嘉川村(読み)かがわむら

日本歴史地名大系 「嘉川村」の解説

嘉川村
かがわむら

[現在地名]山口市大字嘉川

椹野ふしの川の下流西岸に位置し、北は中下郷なかしもごう(現吉敷郡小郡町)、南は江崎えざき村、東は椹野川を隔てて名田島なたじま村に接する。村内を東北から西南に山陽道が通る。賀川とも記す。小郡宰判所属。
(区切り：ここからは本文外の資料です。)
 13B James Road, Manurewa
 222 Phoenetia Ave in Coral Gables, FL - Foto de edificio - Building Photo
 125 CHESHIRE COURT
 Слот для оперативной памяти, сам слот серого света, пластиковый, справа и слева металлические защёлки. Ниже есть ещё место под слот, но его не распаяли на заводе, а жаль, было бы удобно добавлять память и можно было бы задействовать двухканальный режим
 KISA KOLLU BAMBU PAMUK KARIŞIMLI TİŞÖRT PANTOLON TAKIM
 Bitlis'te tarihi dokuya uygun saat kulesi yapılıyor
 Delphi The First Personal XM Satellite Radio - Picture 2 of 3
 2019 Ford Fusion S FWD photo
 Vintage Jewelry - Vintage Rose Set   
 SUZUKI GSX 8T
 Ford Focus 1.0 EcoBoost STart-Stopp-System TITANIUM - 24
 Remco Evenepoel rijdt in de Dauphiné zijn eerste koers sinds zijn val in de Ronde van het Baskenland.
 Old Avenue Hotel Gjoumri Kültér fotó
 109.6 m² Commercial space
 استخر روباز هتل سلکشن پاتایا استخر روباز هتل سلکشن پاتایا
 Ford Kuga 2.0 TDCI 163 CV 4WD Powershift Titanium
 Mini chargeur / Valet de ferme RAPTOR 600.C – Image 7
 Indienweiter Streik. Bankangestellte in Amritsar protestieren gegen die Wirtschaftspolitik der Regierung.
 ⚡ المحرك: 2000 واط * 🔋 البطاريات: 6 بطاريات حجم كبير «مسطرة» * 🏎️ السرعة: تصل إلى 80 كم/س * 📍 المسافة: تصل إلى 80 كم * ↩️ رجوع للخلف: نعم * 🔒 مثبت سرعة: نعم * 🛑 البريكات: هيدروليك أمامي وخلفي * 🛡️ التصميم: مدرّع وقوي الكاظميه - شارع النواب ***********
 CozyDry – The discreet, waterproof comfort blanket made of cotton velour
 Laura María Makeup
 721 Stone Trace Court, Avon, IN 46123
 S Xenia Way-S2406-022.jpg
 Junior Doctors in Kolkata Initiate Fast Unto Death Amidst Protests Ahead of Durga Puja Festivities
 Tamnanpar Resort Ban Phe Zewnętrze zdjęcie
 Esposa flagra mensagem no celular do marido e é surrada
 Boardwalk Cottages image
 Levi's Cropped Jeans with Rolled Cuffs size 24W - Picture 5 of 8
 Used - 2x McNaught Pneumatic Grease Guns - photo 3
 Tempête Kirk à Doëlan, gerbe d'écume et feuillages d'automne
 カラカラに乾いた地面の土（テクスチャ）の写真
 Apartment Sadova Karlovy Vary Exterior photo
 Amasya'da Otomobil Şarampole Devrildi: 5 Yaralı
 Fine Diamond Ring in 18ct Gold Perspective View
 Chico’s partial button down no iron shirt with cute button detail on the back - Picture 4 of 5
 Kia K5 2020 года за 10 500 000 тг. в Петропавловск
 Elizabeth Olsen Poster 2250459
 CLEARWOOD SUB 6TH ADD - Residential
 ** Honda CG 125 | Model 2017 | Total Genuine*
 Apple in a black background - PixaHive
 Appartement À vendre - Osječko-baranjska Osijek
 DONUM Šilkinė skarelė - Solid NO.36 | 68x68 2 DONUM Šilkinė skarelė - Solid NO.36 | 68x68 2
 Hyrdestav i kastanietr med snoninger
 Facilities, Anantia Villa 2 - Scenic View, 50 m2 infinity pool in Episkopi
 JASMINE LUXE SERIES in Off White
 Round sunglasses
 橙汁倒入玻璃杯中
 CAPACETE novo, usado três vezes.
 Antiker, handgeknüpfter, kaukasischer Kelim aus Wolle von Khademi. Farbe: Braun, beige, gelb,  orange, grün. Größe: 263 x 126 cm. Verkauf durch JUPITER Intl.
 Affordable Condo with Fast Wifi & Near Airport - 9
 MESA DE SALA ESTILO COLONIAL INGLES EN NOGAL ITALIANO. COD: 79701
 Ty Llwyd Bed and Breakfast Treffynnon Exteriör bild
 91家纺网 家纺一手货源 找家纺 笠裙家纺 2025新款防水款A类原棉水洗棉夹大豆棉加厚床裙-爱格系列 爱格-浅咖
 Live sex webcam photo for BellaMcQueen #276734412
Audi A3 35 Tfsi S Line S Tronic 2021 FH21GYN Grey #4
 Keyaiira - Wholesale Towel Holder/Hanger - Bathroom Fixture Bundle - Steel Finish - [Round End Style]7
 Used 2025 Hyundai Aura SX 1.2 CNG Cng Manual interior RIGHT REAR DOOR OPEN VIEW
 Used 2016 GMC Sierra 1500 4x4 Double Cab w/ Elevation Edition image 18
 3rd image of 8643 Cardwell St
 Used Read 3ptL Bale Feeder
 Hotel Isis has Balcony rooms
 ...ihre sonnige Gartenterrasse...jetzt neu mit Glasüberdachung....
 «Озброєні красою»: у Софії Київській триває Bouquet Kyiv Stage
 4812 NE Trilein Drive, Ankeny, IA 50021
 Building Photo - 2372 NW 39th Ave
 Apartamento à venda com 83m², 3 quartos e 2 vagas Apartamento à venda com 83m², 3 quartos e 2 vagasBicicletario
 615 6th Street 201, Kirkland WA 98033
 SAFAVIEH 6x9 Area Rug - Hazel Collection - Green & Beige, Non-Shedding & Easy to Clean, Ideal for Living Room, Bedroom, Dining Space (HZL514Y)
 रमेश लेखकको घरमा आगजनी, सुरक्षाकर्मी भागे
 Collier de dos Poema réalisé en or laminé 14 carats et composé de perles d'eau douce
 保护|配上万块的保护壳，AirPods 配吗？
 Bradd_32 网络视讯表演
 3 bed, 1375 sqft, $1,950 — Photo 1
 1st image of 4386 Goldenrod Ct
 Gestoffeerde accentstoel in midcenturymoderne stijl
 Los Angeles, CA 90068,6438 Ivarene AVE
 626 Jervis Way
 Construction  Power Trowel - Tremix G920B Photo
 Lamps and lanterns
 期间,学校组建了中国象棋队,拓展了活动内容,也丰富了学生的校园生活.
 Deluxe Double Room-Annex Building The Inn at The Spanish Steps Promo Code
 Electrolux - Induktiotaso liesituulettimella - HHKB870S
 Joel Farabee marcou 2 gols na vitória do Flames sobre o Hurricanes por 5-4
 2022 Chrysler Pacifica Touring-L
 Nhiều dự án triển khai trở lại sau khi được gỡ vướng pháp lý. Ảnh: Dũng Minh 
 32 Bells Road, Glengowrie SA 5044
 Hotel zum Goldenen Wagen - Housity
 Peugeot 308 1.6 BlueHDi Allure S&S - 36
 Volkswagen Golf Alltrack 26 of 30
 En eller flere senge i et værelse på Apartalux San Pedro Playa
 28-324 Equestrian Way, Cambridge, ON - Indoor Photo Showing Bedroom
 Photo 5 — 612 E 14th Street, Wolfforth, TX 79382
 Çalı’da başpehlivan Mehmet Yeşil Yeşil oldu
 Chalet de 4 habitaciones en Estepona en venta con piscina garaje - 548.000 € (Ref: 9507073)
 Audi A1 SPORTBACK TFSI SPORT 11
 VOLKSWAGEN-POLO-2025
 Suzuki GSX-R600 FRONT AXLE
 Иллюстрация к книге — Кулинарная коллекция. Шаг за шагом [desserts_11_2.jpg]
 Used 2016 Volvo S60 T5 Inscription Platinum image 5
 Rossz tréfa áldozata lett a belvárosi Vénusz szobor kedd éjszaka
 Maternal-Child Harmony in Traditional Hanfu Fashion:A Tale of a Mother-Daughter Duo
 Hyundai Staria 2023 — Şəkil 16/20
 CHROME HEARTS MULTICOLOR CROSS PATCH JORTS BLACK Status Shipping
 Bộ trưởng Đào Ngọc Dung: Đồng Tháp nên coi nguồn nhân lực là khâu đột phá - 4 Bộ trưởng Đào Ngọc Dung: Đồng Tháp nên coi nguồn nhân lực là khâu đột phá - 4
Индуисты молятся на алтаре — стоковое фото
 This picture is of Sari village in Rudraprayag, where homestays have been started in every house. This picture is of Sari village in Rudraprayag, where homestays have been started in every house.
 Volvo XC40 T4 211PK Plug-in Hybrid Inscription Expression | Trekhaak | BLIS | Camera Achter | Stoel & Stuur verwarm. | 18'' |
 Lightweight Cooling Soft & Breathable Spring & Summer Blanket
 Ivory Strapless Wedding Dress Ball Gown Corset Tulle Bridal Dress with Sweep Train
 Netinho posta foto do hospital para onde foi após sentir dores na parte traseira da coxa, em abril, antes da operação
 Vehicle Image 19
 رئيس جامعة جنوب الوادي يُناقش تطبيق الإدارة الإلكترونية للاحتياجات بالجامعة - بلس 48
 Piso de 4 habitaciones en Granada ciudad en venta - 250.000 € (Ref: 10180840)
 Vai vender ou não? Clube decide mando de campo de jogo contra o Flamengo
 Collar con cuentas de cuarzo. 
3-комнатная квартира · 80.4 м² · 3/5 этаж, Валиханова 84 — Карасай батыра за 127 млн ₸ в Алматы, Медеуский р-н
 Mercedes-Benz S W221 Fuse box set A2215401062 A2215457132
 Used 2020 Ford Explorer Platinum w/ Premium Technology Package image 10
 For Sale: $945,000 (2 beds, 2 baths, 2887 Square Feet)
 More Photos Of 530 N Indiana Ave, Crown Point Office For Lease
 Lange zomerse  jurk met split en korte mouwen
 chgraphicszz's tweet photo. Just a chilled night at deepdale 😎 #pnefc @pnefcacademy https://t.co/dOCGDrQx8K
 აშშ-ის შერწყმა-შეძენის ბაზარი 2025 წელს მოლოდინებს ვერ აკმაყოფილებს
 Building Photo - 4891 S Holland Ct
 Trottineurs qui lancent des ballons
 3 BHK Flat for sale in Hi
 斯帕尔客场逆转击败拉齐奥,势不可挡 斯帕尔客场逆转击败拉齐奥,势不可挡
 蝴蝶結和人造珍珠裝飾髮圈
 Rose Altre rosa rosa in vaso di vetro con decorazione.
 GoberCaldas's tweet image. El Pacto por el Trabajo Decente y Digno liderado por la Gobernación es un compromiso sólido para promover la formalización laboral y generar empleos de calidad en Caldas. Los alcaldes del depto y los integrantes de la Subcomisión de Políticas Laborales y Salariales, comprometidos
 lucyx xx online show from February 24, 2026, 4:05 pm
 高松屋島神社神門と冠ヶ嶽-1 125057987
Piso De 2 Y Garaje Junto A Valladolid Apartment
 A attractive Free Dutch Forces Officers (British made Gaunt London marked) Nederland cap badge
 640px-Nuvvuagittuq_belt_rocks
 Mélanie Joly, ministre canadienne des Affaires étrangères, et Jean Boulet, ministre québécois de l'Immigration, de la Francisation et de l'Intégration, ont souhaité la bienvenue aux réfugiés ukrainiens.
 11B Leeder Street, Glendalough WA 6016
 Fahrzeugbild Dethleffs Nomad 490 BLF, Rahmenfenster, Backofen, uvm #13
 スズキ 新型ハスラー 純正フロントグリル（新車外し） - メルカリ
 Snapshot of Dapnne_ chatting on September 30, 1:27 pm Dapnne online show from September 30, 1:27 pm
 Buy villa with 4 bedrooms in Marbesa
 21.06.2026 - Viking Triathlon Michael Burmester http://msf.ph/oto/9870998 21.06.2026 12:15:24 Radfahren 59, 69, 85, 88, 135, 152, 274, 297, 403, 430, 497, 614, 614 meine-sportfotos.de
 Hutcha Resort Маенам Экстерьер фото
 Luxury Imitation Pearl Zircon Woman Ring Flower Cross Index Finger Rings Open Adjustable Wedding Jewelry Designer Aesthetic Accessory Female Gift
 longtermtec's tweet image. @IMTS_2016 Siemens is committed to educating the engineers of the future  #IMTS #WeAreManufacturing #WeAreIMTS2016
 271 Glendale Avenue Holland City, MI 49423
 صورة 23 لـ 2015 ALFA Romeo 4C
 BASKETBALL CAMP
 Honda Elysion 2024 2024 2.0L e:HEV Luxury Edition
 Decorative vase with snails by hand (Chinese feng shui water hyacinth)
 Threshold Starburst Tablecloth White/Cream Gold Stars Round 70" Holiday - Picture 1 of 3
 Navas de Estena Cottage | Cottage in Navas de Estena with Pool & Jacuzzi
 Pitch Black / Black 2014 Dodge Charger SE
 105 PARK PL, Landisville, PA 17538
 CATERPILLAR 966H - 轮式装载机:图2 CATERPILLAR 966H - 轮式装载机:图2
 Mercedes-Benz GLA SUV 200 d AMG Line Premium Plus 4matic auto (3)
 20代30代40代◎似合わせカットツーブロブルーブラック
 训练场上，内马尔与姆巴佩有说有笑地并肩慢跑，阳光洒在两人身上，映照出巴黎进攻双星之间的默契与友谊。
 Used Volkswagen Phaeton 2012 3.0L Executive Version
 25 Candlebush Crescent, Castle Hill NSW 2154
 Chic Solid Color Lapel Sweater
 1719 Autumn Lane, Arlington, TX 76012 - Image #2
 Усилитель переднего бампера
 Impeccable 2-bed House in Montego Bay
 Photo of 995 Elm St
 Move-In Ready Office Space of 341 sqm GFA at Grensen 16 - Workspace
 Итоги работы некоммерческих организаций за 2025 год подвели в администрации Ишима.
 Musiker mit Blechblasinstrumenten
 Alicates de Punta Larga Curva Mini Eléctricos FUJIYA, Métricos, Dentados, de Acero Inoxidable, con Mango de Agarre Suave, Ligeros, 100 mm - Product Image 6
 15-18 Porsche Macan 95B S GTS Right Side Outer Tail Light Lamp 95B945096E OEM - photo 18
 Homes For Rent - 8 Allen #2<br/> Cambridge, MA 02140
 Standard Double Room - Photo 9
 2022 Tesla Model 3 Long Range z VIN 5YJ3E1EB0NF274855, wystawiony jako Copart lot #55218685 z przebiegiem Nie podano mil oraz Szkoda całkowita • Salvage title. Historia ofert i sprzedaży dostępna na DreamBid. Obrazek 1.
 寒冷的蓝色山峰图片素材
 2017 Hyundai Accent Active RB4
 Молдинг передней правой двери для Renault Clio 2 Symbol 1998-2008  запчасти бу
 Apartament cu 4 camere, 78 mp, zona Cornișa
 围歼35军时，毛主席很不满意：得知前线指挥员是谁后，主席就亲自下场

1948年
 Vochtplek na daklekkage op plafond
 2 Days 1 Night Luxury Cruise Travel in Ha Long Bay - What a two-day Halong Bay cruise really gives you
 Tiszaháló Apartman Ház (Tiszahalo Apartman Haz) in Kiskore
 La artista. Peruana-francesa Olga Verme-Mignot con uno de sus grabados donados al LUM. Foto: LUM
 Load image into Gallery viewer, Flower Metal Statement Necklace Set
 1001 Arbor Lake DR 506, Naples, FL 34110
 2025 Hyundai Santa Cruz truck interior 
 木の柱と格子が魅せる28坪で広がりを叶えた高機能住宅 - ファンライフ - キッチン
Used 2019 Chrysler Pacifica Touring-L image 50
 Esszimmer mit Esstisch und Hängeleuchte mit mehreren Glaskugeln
古代の賀宝かがほ郷のうち、椹野川の流域の閑地は開発されて東大寺領の荘園椹野庄となったが、近世の嘉川村域もこの荘域に入っていたと思われる。もっとも、嘉川村の南部から佐山さやま村にかけての地には安楽寿あんらくじゆ院領賀川かがわ別庄があり、その荘域に属する所もあったかもしれない。「閥閲録」所収の三田尻裁判文書に合物商の兄部文書があるが、その元応元年(一三一九)正月の文書に「周防国合物売商人等長職也」とあり、その商売の権利をもつ範囲として「西者限賀川市」とみえる。慶長五年(一六〇〇)検地帳によると、当時の賀川は「注進案」でいう賀川村・江崎村を併せた地域で、明治二二年(一八八九)以降の嘉川村と同じ範囲である。